» Records to process:
────────────────────────────────────────

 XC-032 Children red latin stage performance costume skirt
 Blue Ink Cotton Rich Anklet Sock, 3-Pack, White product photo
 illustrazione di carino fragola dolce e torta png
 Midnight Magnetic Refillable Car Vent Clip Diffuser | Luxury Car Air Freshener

────────────────────────────────────────

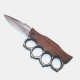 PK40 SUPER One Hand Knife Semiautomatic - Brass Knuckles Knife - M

────────────────────────────────────────

» Assigned task: In the data above, retype exactly and only the lines between the one holding "Blue Ink Cotton" and the one holding "Midnight Magnetic Refillable", inclusive.

» Task response:
 Blue Ink Cotton Rich Anklet Sock, 3-Pack, White product photo
 illustrazione di carino fragola dolce e torta png
 Midnight Magnetic Refillable Car Vent Clip Diffuser | Luxury Car Air Freshener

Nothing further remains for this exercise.